Editors Note:


EDITOR'S NOTE: Fresh off a three year managerial stint, your friendly neighborhood lenslinger is back on the street and under heavy deadline. As the numbing effects of his self-imposed containment wear off, vexing reflections and pithy epistles are sure to follow...

Wednesday, July 30, 2008

Puddles of Glory

Watermain MeanderSo, when's a stretch of wet pavement worthy of the EXCLUSIVE treatment? When it's the one thing standing between you and your evening commute. Hey, I'm all for breaking new ground - but if interviewing a phone pole is what it's gonna take to get me home, I'll find a tall, chatty one. Then I'd ask him what kind of tree he'd be - but that's really not important right now. What is important is that you grasp both the fervor and the insouciance I use when clamoring at the banks of such a body of water as this. I have seen the future of my afternoon and a river of dishwater runs through it. Luckily I'm wearing mental hipwaders and waded in like a fly fisherman jacked-up on campfire coffee. I'd already bagged a couple of shots when the tiny speaker jammed in my ear exploded with overmodulated Chad:

"---ALKING TO US?"

My mouth contorted in a mask of pain, I lunged for the camera's volume switch and cranked it counterclockwise. When the sound receded I scanned the area for the source of the noise. Spotting Chad half a block away, I zoomed in my partner for the day as he tried to pin a microphone one a young mother he'd discovered playing with her kids nearby. I was about to join them when the woman's posture told me not to. A second later my suspicions were confirmed as the mother begged of from commenting on camera - something about not having 'her hair did'. Chad thanked her and continued his search for a (hopefully) outraged neighbor. A few minutes later he found a gentleman who was more than willing to ask my camera rhetorical questions. "Why's the city let a broken valve flood the street when we's under water rstrictions?" Not knowing the answer, we simply nodded, grateful the man was posing queries we could not. After one final question ("When's this gonna be on?"), we bid our guest adieu and repaired to the shore of the still bubbling brook.
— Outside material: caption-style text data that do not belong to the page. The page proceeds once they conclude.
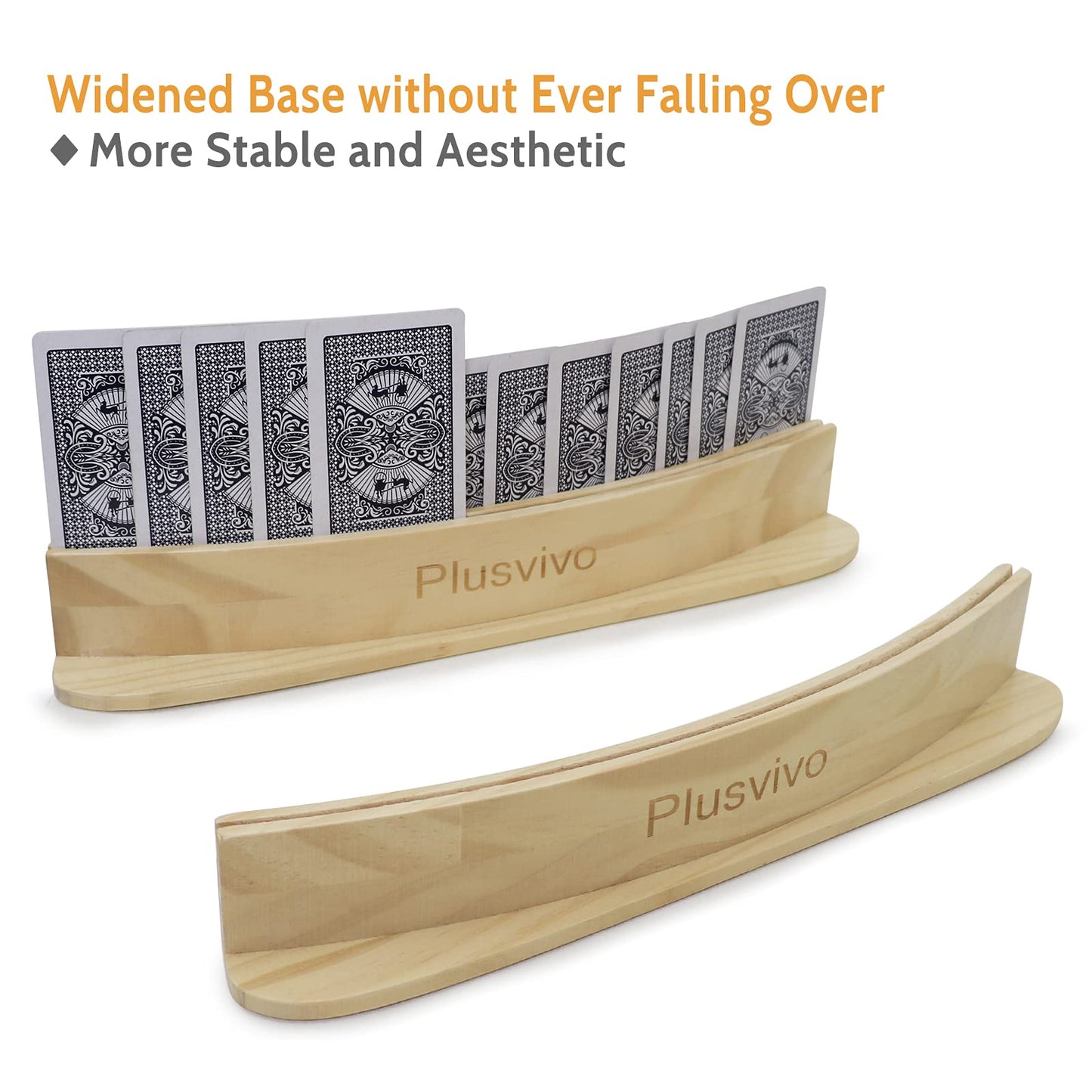 Plusvivo Set of 4 Curved Playing Cards Holders for Seniors Adults Kids 2-Layer, Solid Wooden Card Holders for Playing Cards 13 X 1.9 X 2.4 Inch for Bridge Canasta Foot and Hand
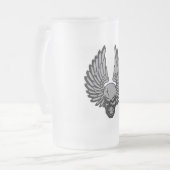 Der Fliegen-Schädel Mattglas Bierglas (Vorderseite Links)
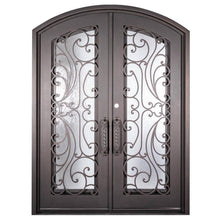 Load image into Gallery viewer, Double entryway doors made with a thick iron and steel frame. Doors feature full panel windows behind intricate iron detailing, a kickplate, and a slight arch on top. Doors are thermally broken to protect from extreme weather.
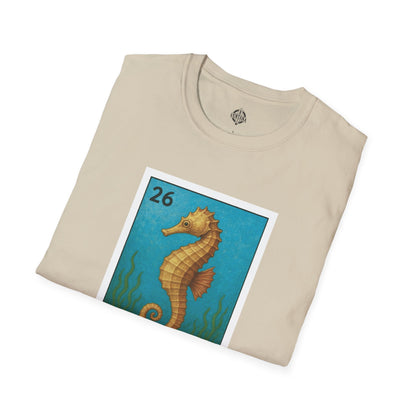 Seahorse Lotería Unisex - Soft Style U.S. Cotton T-Shirt (El Caballito del Mar)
There we got to work: shooting close-ups, wide shots and an on-camera segment in which Chad dramatically tapped the water with his foot. All the while his cell phone rang incessantly as city officials took turns dodging our questions. This of course distinguishes our assignments from few others, for we typically pace about the edges of controversy while playing phonetag with unseen executive types. No, the only thing that made the shimmering rivulets of taxpayer water the least bit unusual was the insufferable humidity that cloaked everything in sight. Actually that's not unusual at all; Carolina weather's a ball-dissolver this time of year - whether you're covering a drive-by homicide or an barely gushing manhole cover. So while rivulets of my own soaked every inch of fabric I was wearing, I tried to blink away scenes from Cool Hand Luke while beging Chad not to make me 'spend a night in the box'. This only confused my partner, but he took my delerium as a sign it was time to go. So we did, only to return in a live truck four hours later to find our little leak had been repaired. Still we carried on with our live remote, confident that no matter how fleeting the dried-up controversy may have been, for one brief, sticky and inconsequential moment, we OWNED that mud puddle...

And you thought my work wasn't rewarding.